Reproduce exactly, leaving out pictures, each line from the one holding "Autumn Fashion Double-breasted" through the final line of the listing, and add nothing.

DATASET EXTRACT
-- Opening Marker --
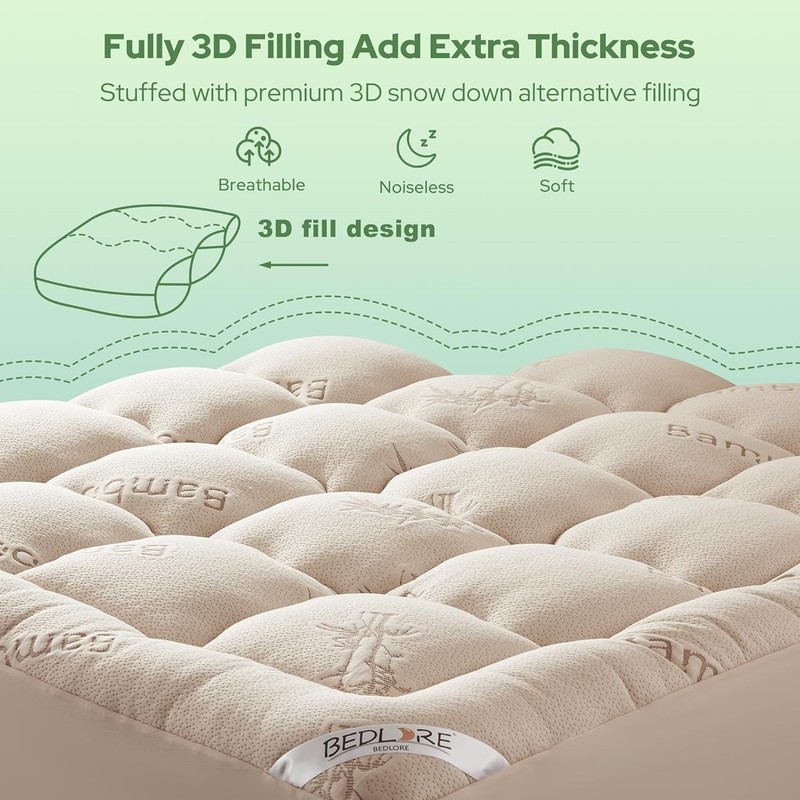 Bamboo Viscose California King Mattress Topper for Ultimate Comfort & Support gallery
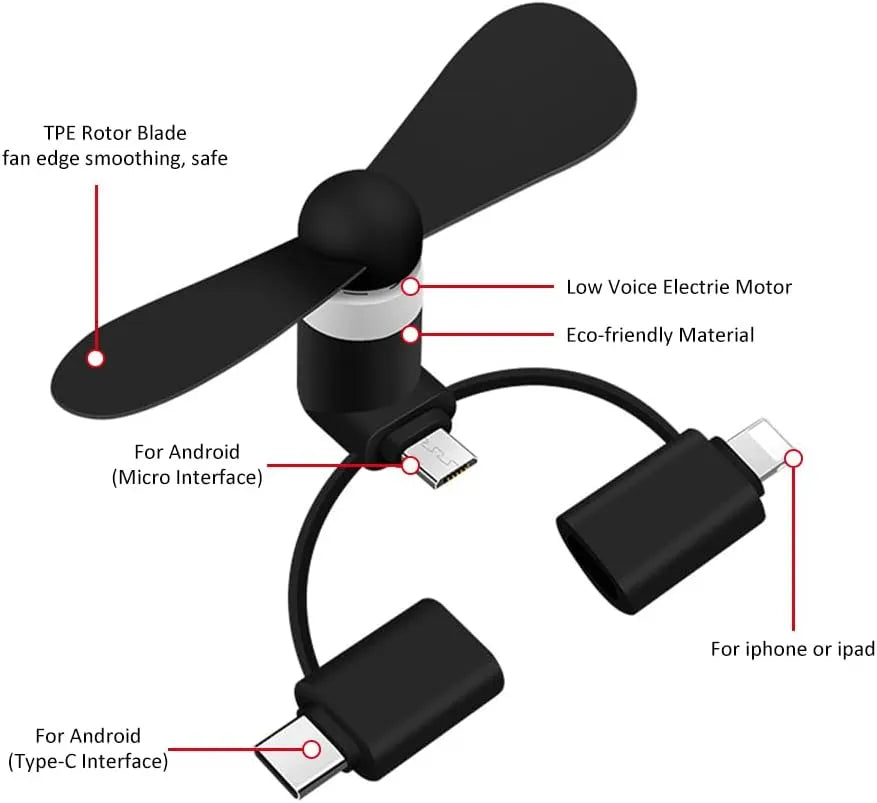 3-in-1 Mini Phone Fan ★★★★★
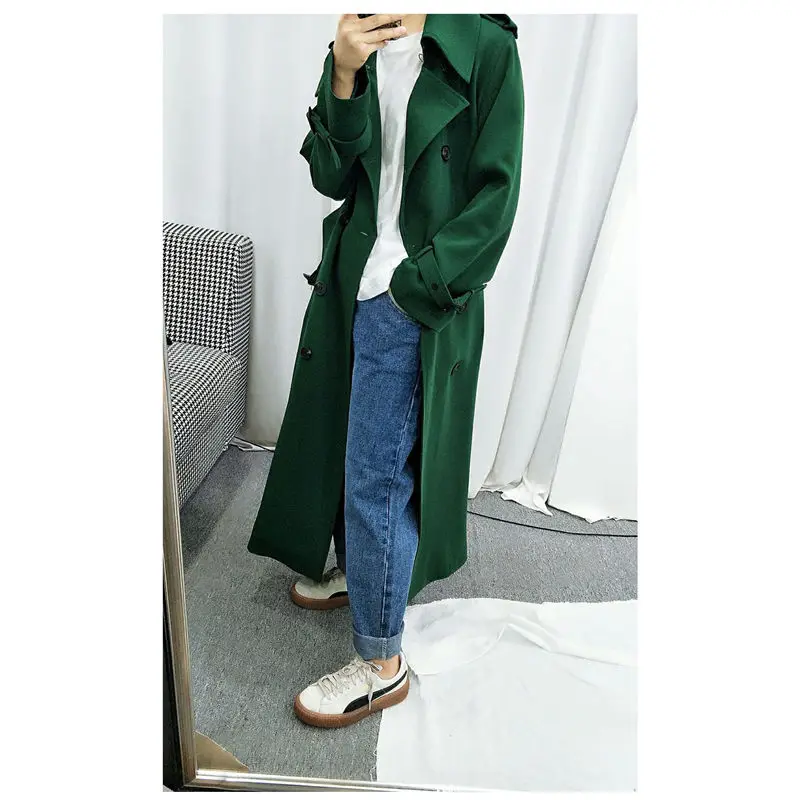 Autumn Fashion Double-breasted Green Windbreaker Korean Casual Jacket Basic Belt Long Coat For Office Ladies Overcoat f1081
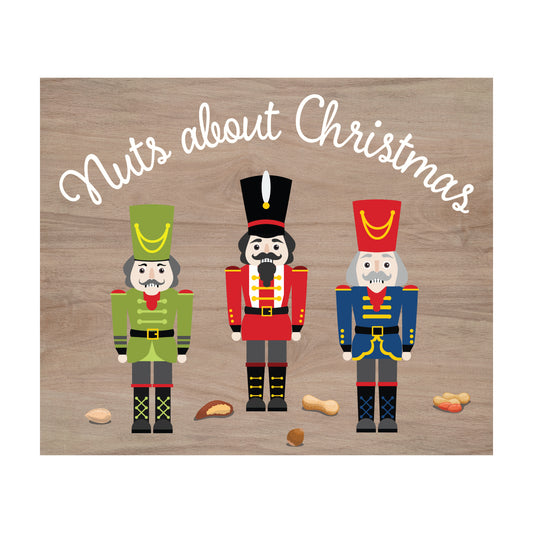 Nutcracker Christmas Decorations, Wooden Nutcrackers Hanging Decor for Christmas, Nuts About Christmas Wall Art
-- Closing Marker --
COMPLETED TASK
 Autumn Fashion Double-breasted Green Windbreaker Korean Casual Jacket Basic Belt Long Coat For Office Ladies Overcoat f1081
 Nutcracker Christmas Decorations, Wooden Nutcrackers Hanging Decor for Christmas, Nuts About Christmas Wall Art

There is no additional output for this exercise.